Nella parete di questo sono praticate opportunamente delle aperture atte ad estrarre il letto dalla camera per farlo passare nel corridoio. Con questa disposizione è facile far passare un malato da una camera anteriore ad una posteriore, ed in caso di morte si estrae il letto dalla camera senza troppo disturbare gli altri malati. L'ospedale contiene 20 letti con relativo medico, infermieri, farmacia e farmacisti, tutto a spese della società.

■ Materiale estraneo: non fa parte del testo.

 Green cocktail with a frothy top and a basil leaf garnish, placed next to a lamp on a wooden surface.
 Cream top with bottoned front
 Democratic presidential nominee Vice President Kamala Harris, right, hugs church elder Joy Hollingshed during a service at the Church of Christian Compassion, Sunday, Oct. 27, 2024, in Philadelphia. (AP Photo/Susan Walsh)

La sala operatoria colla relativa preparatoria, un gabinetto per ricerche chimiche e microscopiche completamente arredato, una sala d'isolamento per malattie infettive, due spaziose infermerie per malati comuni ed una sala da bagno; vi è inoltre la cucina, il lavatoio, ecc., l'alloggio per gli infermieri e l'appartamento per il sanitario che ha l'obbligo di risiedervi in permanenza.
I viveri, al prezzo di costo, sono forniti agli operai da apposito Magazzino fondato dalla Miniera ma avente gestione autonoma e sotto il controllo del Sanitario.

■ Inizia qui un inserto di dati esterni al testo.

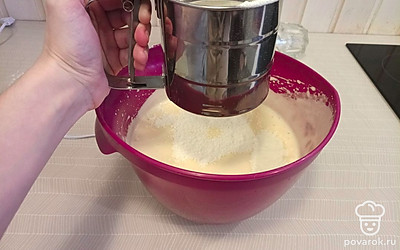 Просеиваем порционно муку в миску и сразу же перемешиваем. Мешаем аккуратно лопаткой, движениями от донышка вверх.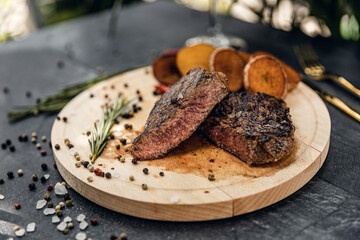 Grilled beef steak ribeye on wooden cutting board.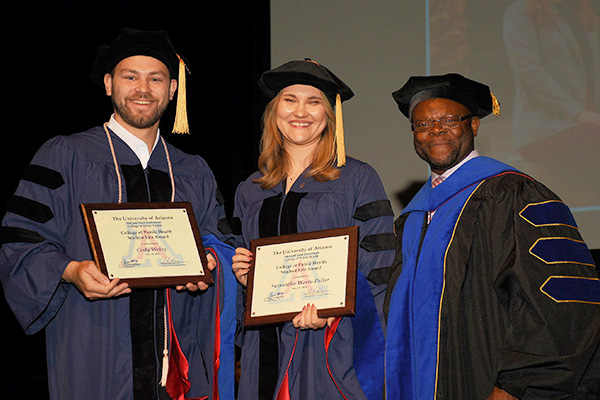 Students receiving awards during ceremony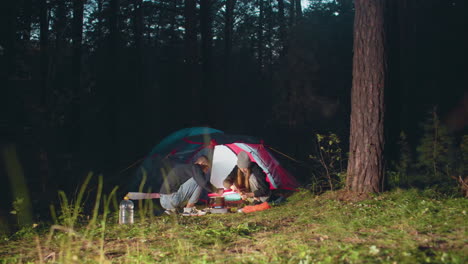 young couple prepares food together beside lit tent during evening forest camping, surrounded by trees and grassy ground, focused on cooking over portable stove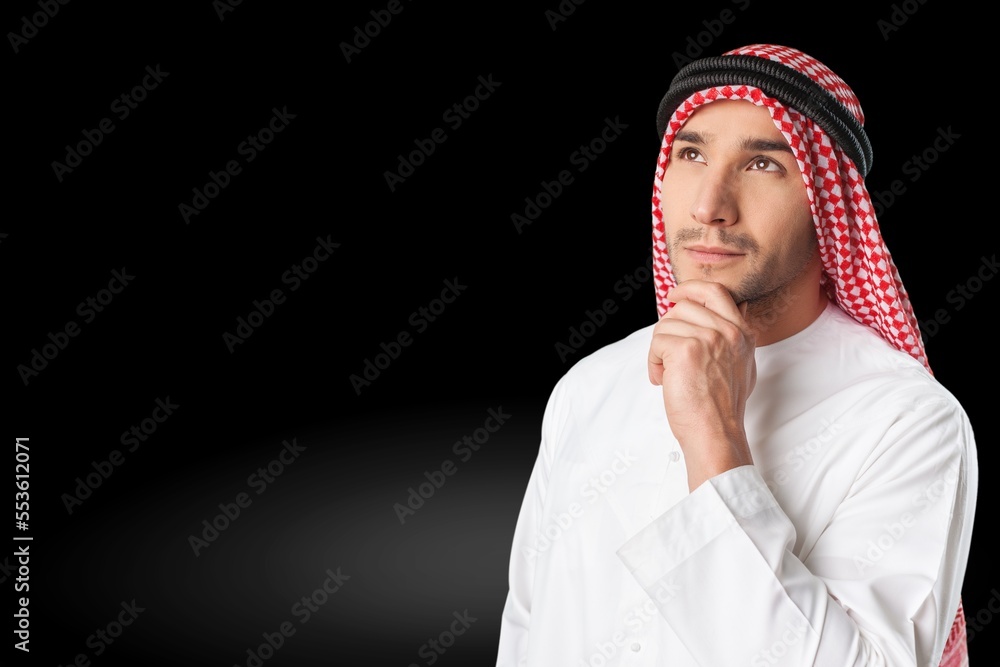 Young Arab muslim man on dark background Young Arab muslim man on dark background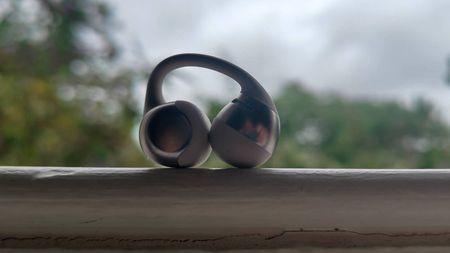 The Shokz OpenDots One on a white windowsill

Gli operai che preferiscono tornare a casa nei vicini paesi di Arbus, Guspini e Gonnos, godono ugualmente di assistenza medica e delle gratuite medicine mediante i sanitari di quei paesi, stipendiati dall'amministrazione della Società.
Gli ammalati ricevono sussidi, gli invalidi per anzianità di servizio e per infortuni ricevono pensioni vitalizie, come pure le vedove.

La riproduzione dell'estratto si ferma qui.